Find the line containing "Contemporary 3 Tiers" in the data below, then output that line and each one after it exactly, with nothing else.

[INPUT DATA]:

╭──

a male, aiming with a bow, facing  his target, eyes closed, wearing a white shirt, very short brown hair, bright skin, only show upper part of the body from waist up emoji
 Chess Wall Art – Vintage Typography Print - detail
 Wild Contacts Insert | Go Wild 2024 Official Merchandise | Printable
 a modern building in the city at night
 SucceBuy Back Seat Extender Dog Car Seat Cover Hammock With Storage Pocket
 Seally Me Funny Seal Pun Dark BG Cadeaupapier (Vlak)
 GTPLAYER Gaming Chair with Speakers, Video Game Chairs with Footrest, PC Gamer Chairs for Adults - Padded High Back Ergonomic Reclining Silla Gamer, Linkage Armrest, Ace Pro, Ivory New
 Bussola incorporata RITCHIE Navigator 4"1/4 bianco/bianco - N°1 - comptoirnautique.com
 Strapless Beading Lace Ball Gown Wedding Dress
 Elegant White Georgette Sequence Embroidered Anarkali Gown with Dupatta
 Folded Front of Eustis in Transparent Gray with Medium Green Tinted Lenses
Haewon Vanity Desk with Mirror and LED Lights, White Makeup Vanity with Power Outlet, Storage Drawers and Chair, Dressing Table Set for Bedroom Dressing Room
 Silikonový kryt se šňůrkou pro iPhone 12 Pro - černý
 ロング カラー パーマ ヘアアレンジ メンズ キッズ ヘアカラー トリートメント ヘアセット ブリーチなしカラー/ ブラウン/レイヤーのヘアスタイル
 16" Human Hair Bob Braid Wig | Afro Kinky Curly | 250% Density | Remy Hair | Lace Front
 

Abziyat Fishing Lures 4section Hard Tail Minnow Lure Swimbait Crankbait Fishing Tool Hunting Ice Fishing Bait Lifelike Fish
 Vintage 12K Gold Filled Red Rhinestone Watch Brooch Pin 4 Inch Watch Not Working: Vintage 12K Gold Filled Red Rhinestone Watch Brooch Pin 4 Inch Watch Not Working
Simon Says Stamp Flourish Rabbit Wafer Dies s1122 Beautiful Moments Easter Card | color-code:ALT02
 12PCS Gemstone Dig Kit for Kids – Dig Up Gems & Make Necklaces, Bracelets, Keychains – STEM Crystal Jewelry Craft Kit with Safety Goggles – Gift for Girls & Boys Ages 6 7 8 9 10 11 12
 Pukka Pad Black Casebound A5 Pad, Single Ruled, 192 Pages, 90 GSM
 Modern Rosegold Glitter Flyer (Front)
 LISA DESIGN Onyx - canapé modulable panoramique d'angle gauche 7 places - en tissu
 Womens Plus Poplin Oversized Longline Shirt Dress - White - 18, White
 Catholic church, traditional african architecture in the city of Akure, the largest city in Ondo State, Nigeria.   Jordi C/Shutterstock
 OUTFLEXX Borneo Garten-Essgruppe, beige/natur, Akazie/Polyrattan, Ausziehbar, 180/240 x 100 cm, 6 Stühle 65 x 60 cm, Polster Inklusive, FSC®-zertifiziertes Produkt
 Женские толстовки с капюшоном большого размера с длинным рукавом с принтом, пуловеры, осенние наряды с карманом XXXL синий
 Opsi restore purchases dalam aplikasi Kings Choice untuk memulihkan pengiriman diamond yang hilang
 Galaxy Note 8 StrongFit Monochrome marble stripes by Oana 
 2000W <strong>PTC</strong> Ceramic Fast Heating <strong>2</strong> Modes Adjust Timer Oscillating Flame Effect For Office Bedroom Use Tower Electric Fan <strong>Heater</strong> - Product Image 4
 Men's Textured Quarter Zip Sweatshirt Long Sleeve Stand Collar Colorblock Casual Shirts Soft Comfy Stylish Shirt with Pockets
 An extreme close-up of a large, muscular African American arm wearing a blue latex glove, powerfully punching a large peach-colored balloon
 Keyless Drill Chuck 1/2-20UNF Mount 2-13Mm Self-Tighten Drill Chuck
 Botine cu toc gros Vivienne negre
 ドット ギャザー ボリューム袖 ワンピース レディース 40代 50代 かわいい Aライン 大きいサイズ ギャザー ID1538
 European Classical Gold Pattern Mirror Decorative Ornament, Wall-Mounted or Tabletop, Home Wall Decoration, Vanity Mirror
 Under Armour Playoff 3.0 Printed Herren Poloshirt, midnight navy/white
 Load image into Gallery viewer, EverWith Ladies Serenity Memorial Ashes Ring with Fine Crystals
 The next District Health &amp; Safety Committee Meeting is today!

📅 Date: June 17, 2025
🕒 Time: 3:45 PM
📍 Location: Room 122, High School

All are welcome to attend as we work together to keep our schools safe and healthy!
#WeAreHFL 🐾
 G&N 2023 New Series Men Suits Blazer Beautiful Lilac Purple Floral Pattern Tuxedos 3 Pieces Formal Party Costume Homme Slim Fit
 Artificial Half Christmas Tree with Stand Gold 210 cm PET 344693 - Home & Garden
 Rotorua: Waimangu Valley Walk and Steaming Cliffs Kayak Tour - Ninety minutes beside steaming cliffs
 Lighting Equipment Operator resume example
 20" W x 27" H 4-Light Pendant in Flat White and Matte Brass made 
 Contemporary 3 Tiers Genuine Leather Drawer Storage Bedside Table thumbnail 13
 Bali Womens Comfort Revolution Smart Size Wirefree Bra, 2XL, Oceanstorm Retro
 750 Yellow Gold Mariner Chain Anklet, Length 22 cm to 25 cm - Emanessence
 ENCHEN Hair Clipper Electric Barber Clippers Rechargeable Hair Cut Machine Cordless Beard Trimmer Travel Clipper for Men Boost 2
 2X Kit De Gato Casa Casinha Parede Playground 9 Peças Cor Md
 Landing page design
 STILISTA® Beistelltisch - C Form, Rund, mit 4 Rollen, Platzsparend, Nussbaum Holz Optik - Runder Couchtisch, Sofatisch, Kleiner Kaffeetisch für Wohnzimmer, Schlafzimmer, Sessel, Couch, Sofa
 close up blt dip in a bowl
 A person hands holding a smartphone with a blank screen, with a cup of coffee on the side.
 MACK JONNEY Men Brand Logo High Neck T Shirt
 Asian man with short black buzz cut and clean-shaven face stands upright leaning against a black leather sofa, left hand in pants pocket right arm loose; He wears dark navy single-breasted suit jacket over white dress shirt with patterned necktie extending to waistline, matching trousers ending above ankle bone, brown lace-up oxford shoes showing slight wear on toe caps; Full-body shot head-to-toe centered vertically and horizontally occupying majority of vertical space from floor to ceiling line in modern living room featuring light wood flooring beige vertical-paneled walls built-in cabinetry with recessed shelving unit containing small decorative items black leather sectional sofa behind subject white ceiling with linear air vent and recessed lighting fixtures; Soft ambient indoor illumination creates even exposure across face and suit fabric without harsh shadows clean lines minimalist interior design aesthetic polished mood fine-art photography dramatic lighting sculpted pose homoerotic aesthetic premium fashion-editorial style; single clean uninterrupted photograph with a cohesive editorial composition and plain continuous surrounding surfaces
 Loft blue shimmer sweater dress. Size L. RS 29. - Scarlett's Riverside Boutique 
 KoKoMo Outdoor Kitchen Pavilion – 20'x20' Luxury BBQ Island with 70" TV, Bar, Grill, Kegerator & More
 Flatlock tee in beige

╰──

[YOUR RESPONSE]:
 Contemporary 3 Tiers Genuine Leather Drawer Storage Bedside Table thumbnail 13
 Bali Womens Comfort Revolution Smart Size Wirefree Bra, 2XL, Oceanstorm Retro
 750 Yellow Gold Mariner Chain Anklet, Length 22 cm to 25 cm - Emanessence
 ENCHEN Hair Clipper Electric Barber Clippers Rechargeable Hair Cut Machine Cordless Beard Trimmer Travel Clipper for Men Boost 2
 2X Kit De Gato Casa Casinha Parede Playground 9 Peças Cor Md
 Landing page design
 STILISTA® Beistelltisch - C Form, Rund, mit 4 Rollen, Platzsparend, Nussbaum Holz Optik - Runder Couchtisch, Sofatisch, Kleiner Kaffeetisch für Wohnzimmer, Schlafzimmer, Sessel, Couch, Sofa
 close up blt dip in a bowl
 A person hands holding a smartphone with a blank screen, with a cup of coffee on the side.
 MACK JONNEY Men Brand Logo High Neck T Shirt
 Asian man with short black buzz cut and clean-shaven face stands upright leaning against a black leather sofa, left hand in pants pocket right arm loose; He wears dark navy single-breasted suit jacket over white dress shirt with patterned necktie extending to waistline, matching trousers ending above ankle bone, brown lace-up oxford shoes showing slight wear on toe caps; Full-body shot head-to-toe centered vertically and horizontally occupying majority of vertical space from floor to ceiling line in modern living room featuring light wood flooring beige vertical-paneled walls built-in cabinetry with recessed shelving unit containing small decorative items black leather sectional sofa behind subject white ceiling with linear air vent and recessed lighting fixtures; Soft ambient indoor illumination creates even exposure across face and suit fabric without harsh shadows clean lines minimalist interior design aesthetic polished mood fine-art photography dramatic lighting sculpted pose homoerotic aesthetic premium fashion-editorial style; single clean uninterrupted photograph with a cohesive editorial composition and plain continuous surrounding surfaces
 Loft blue shimmer sweater dress. Size L. RS 29. - Scarlett's Riverside Boutique 
 KoKoMo Outdoor Kitchen Pavilion – 20'x20' Luxury BBQ Island with 70" TV, Bar, Grill, Kegerator & More
 Flatlock tee in beige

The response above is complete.